With a clear allusion to the first lines of the Book of Genesis, the Prologue
begins with the eternal existence of the Word. In the beginning was the Word:
when time began with by the creation of heaven and earth, the Word was. Before
the beginning of contingent things, there is only eternity. Therefore, the Word
is eternal. Of all those who have had their place in history, only Jesus Christ
speaks of “a glory that He possessed before the world was.”
In him was life and the life was the light of men. Even though nothing yet
lived outside of God, life was in the Word: first of all, divine life, not as an added
grace, nor as something as received from without; but as proper and essential
prerogative. Even human life was in the Word, like water is found in a well or
fire in its source. All human life was ignited by divine life, as Michelangelo so
brilliantly portrays in his fresco of the creation of man, which decorates the vault
of the Sixtine Chapel.
One must ask which human life is mentioned here: life according to nature or
the life of grace? Both, but perhaps it could be better phrased as the natural life
in view of supernatural life. In fact, in the order of things which is ours, every-
thing finds itself ordered to this life of grace. In a single act, the Word created in
the same being who was Adam, both a man and a child of God.

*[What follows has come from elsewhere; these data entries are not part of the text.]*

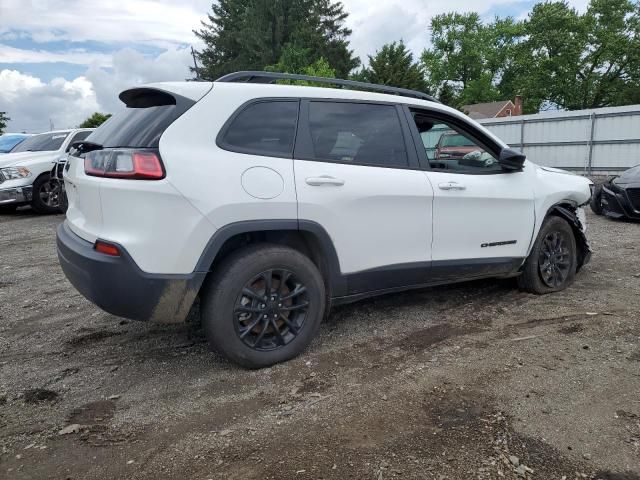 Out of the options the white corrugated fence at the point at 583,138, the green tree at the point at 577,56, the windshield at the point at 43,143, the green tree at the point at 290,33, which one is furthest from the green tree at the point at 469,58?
the windshield at the point at 43,143

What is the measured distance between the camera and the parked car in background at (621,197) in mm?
8867

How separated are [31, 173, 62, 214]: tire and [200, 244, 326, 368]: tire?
29.5 feet

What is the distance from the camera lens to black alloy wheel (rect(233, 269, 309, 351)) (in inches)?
123

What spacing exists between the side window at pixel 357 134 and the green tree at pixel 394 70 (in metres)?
28.6

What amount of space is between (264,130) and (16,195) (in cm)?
909

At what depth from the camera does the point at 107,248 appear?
2857 millimetres

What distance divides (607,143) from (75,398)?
1601 cm

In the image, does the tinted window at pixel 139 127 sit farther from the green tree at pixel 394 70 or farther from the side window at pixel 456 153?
the green tree at pixel 394 70

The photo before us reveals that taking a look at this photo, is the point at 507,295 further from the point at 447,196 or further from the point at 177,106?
the point at 177,106

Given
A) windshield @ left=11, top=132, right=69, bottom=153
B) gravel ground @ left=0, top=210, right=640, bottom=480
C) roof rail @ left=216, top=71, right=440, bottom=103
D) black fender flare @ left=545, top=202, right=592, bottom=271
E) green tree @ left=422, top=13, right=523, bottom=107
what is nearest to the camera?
gravel ground @ left=0, top=210, right=640, bottom=480

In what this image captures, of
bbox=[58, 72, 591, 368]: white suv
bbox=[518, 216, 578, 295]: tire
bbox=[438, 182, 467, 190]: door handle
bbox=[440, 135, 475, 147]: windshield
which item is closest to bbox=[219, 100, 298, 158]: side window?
bbox=[58, 72, 591, 368]: white suv

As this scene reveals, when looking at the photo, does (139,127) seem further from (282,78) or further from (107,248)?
(282,78)

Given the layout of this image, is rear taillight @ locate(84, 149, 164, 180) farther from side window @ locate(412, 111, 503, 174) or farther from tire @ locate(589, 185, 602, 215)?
tire @ locate(589, 185, 602, 215)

In writing that Life, which comes from the Word, was the light of men, the
Evangelist follows the logical order of divine intervention in the world of men. In
the supernatural order, our life begins with the ‘light of Faith’ which finds its end
in the light of everlasting glory; so much so that the Greek fathers call this grace
an ‘illumination’. One finds an echo is the words of the Psalmist: “For with thee
is the fountain of life; and in thy light we shall see light.”
When Christ states that He is in the world ‘the Light’ and ‘the Light of the
world’, he indicates an opposition to a whole series of things which He calls ‘dark-
ness’, and it is the precise term used by the Evangelist: And the Light shineth in
darkness.
Saint John evokes an idea which will be the pivotal point of his gospel: the
Incarnate Word has as mission to make known God in the world. He does so
through His works and His Spirit, who dwells in the Church. The fourth gospel
is the story of the Anointed of God, the Life and Light of men.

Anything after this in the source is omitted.